#### LISTED ENTRIES ####

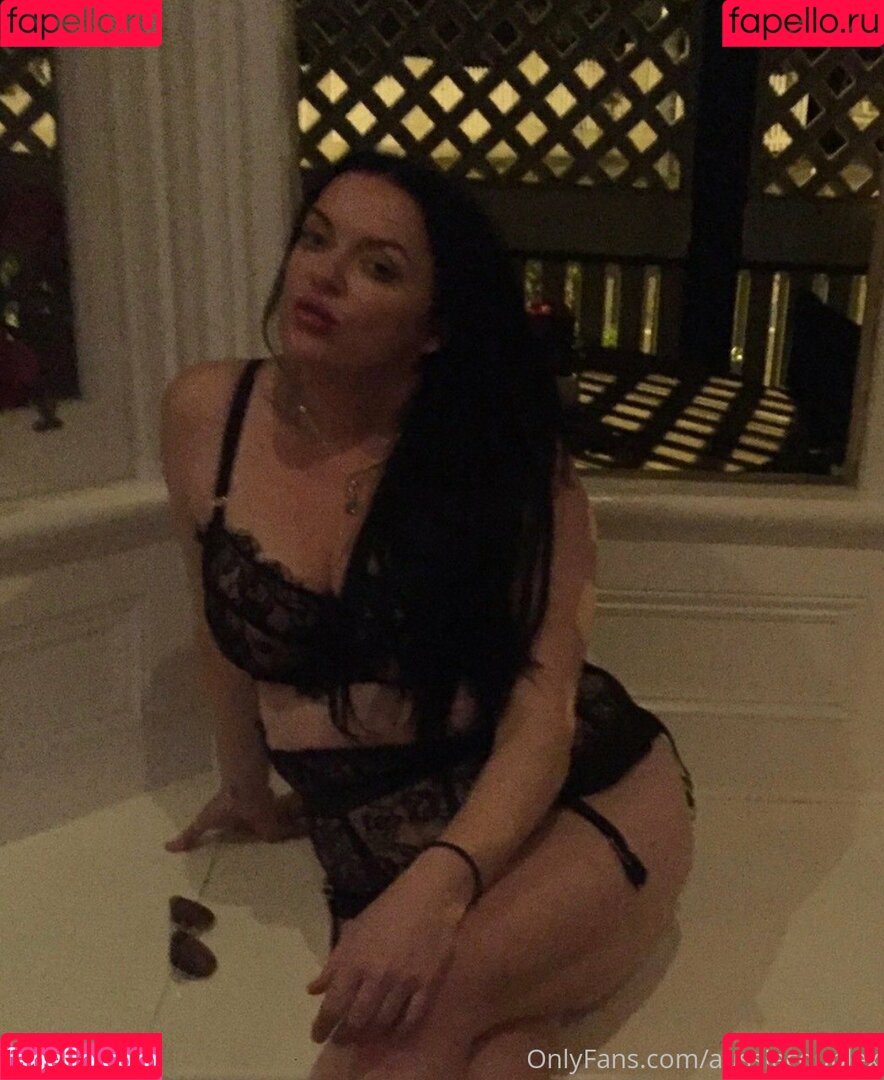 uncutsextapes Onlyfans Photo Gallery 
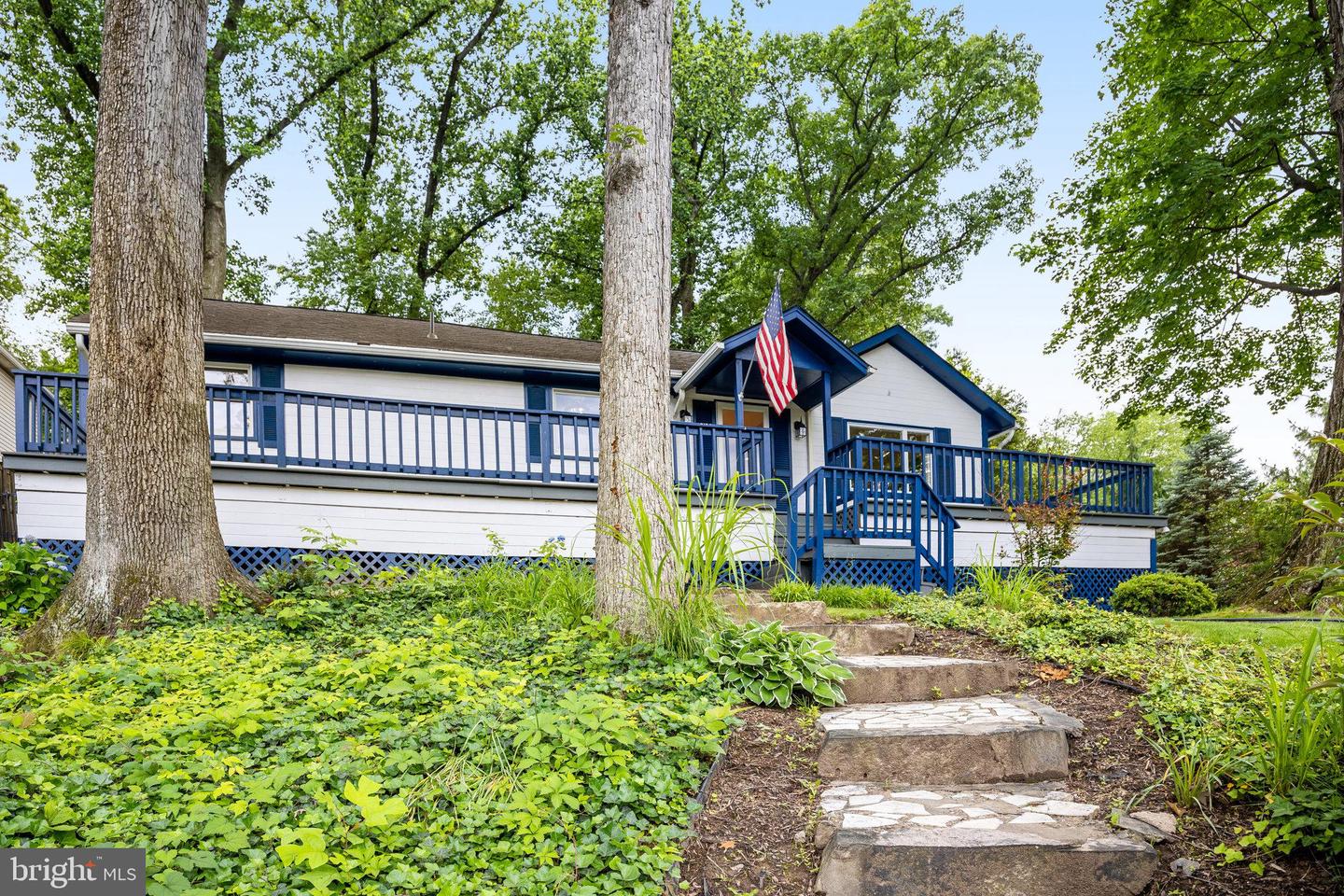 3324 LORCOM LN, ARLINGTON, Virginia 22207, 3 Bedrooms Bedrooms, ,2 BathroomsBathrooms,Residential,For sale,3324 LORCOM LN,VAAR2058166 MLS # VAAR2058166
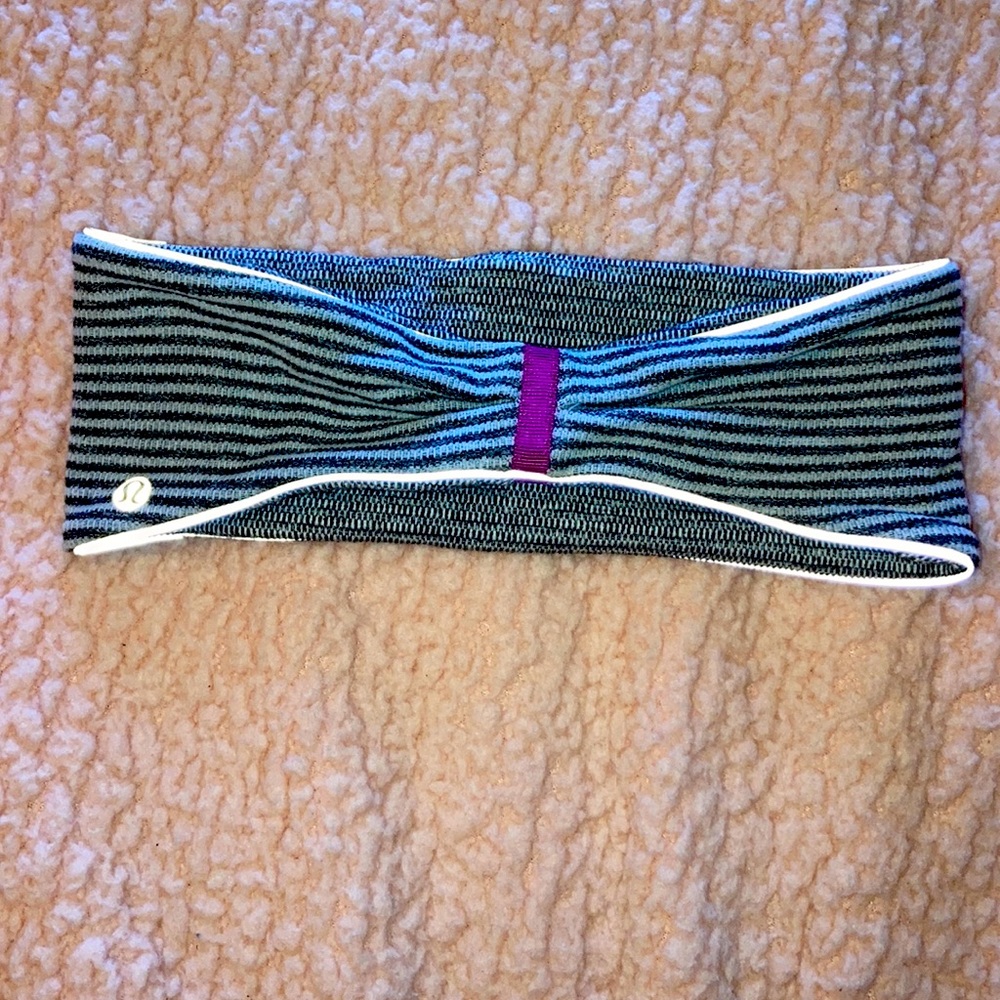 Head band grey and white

####
#### LISTED ENTRIES ####

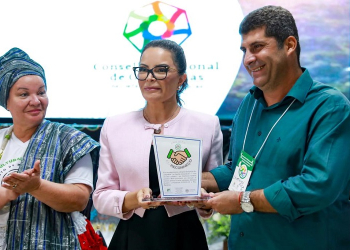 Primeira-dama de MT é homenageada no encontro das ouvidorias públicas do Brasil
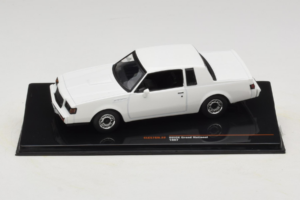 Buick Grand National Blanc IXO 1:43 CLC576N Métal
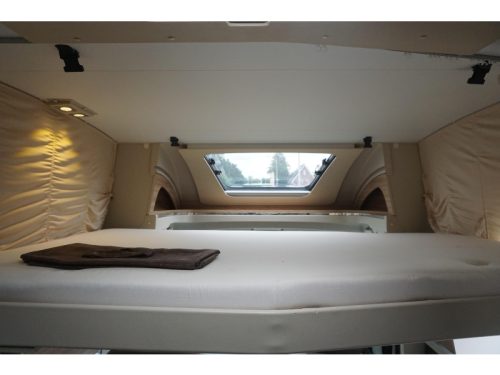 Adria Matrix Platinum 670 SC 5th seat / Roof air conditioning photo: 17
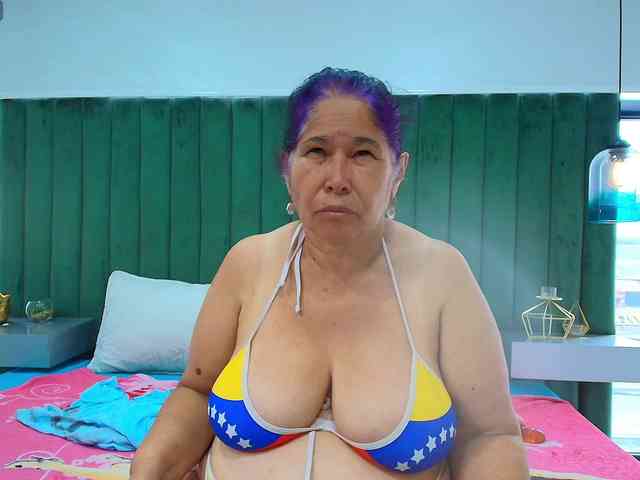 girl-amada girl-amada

####

Produce an exact reproduction of the listing above, limited to the lines starting at the line with "Buick Grand National" and ending at the line with "girl-amada girl-amada", both kept, with every picture left out.

[ANSWER AREA]
 Buick Grand National Blanc IXO 1:43 CLC576N Métal
 Adria Matrix Platinum 670 SC 5th seat / Roof air conditioning photo: 17
 girl-amada girl-amada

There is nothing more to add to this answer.